═══ Data extract
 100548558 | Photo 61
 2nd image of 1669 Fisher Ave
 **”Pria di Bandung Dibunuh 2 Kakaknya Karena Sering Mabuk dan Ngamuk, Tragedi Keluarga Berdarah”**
══════
* Task instructions
Would you please repeat, exactly as written, the lines from the one containing "2nd image of 1669 Fisher Ave" through the end of the listing above, including both, and only those?

* Your solution
 2nd image of 1669 Fisher Ave
 **”Pria di Bandung Dibunuh 2 Kakaknya Karena Sering Mabuk dan Ngamuk, Tragedi Keluarga Berdarah”**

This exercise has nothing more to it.